A coalition of retailers and shippers say they proposed a restructuring of the Los Angeles and Long Beach ports aimed to reduce emissions from rail engines, ships and trucks that wouldn’t punish owner-operators or small trucking companies.

That proposal, however, hasn’t been publicly discussed as those ports’ governing bodies prepare to consider adopting a new operating system, possibly by early July.

The Waterfront Coalition is a Washington, DC-based organization of retailers, product suppliers, manufacturers and agricultural producers that rely on America’s oceanic ports.

Ezra Finkin, legislative director for the coalition, says his group’s proposal would call for a flat cargo fee to go toward replacing older trucks that work at the port, but wouldn’t exclude small trucking companies or owner-operators, as the port operators proposed.

The Waterfront Coalition’s proposal also would rely on emissions enforcement by the California Air Resources Board.

Finkin recently told Land Line that his group proposed its own remodeling of port operations in late March – two weeks before the Los Angeles and Long Beach ports unveiled their own conceptual ideas.

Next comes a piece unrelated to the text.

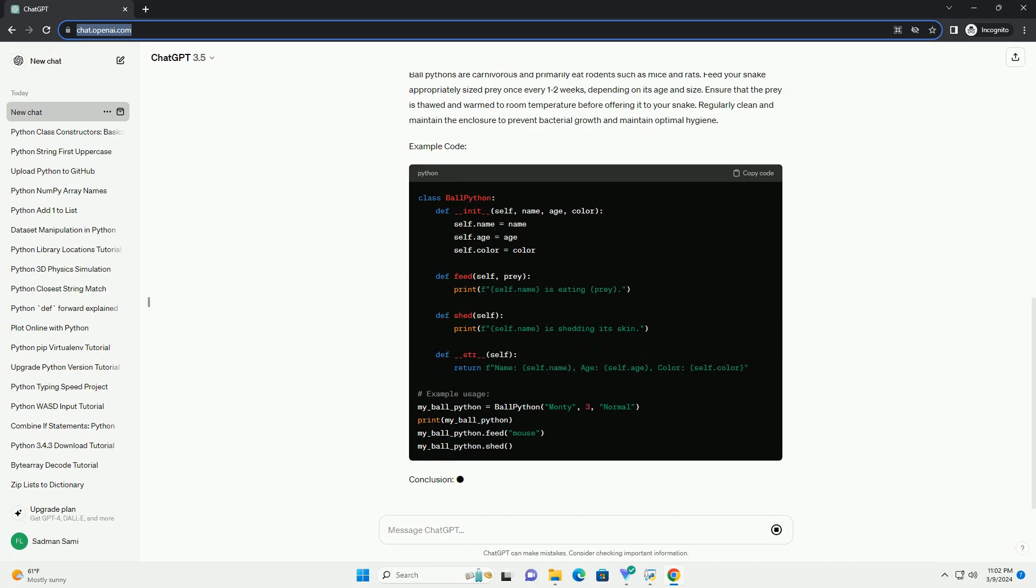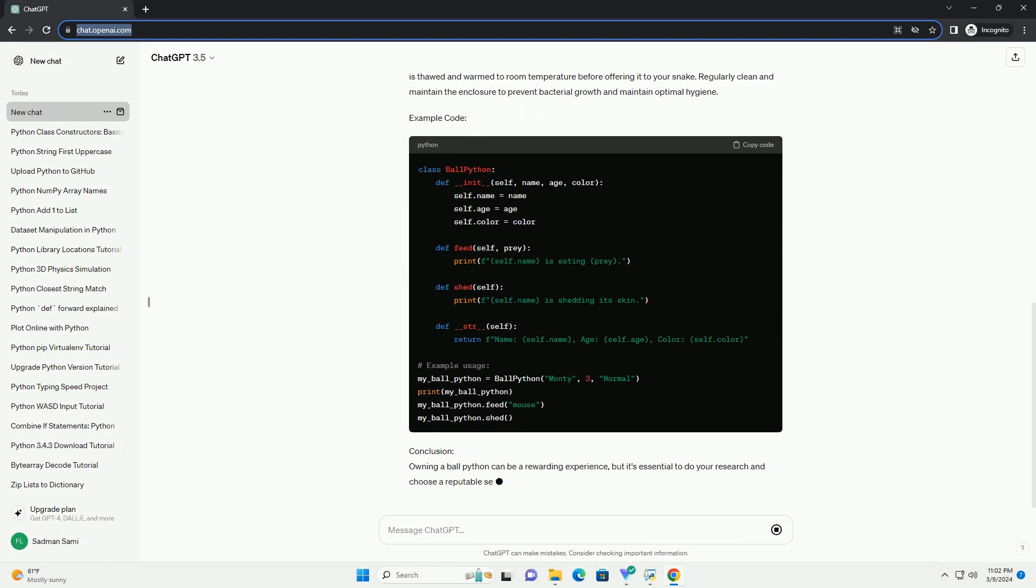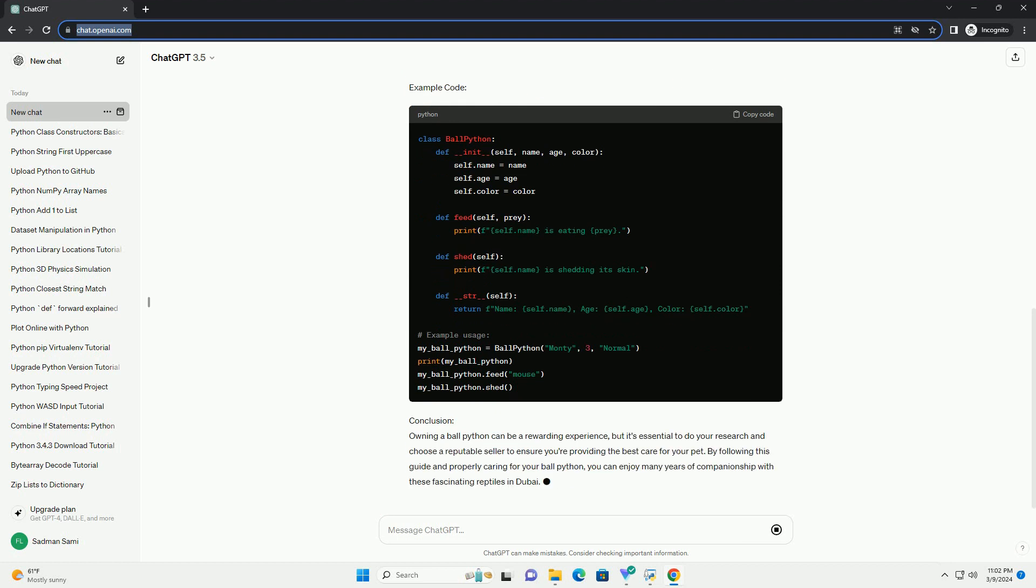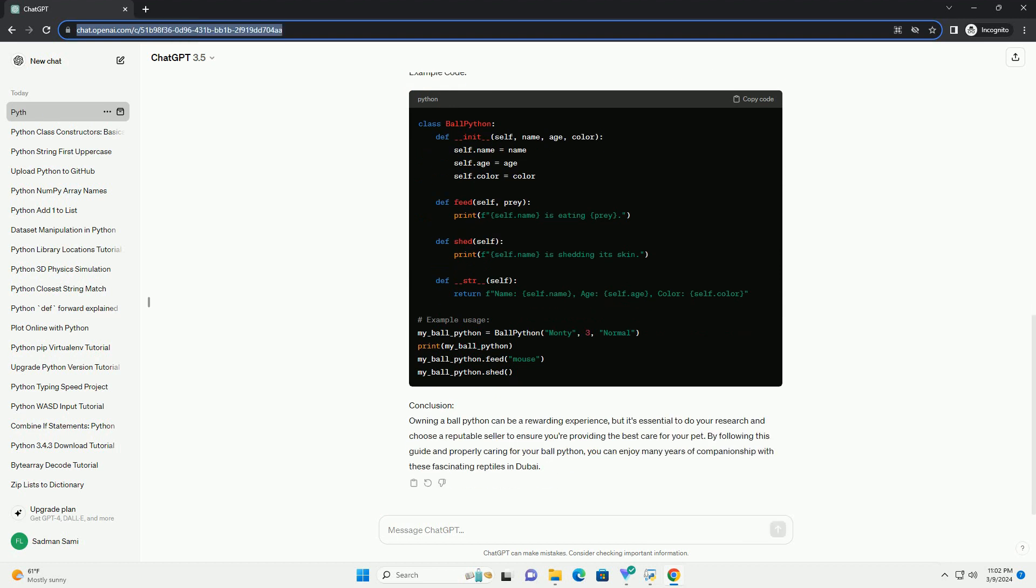Step 1: Research and Education. Before buying a ball python, it's essential to educate yourself about their care requirements, behavior, and potential challenges. You should understand their habitat needs, diet, temperature and humidity requirements, and any potential health issues they may face. Websites, books, and online forums dedicated to reptile care are excellent resources for information.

The coalition was surprised to see the ports come out with their own plan without any public discussion of the coalition’s proposed plan, Finkin said.

The International Brotherhood of Teamsters and several other labor groups make up the Coalition for Clean & Safe Ports, which submitted its own overhaul proposal requiring all trucks to be driven by company employees with union representation. That proposal weighted concessionaires on categories like driver recruiting and total value of assets.

“I think there were a lot of things in that truck plan that have nothing to do with achieving clean air,” Finkin told Land Line.

The Los Angeles and Long Beach ports unveiled a plan in early April to spend $200 million replacing older and higher polluting trucks with new ones that meet 2007 emissions standards. The replacements, however, would only extend to licensed concessionaires, and concessionaires wouldn’t include owner-operators.

Owner-operators whose trucks meet 2007 emissions standards would be allowed to enter the port until 2013, when all trucks allowed onto the port must be licenses concessionaires, port officials told Land Line in April.

Port of Los Angeles Spokesman Arley Baker told Land Line that he expected the commissions of each port to formally consider adopting the operations change by early July.

Overhauling port operations could lower shipping efficiencies and set precedent for other ports in the nation, Finkin said, adding that such actions would likely have drastic effects for retailers that rely on tight supply chain timing.

“By and large this industry is served by owner operators, by the number of trips they take to and from the port,” Finkin said. “(Retailers have) got a brand they have to protect – if you promise you’re selling something for a weekend sale and that product isn’t at the store by the weekend – you’ve got an issue.”

Finkin also said that ships and railroad engines pollute port air more than big rigs, but said the ports have moved to change truck operations before the other shipping modes.

“What this (the truck plan) has to do with clean air, I don’t know,” he said.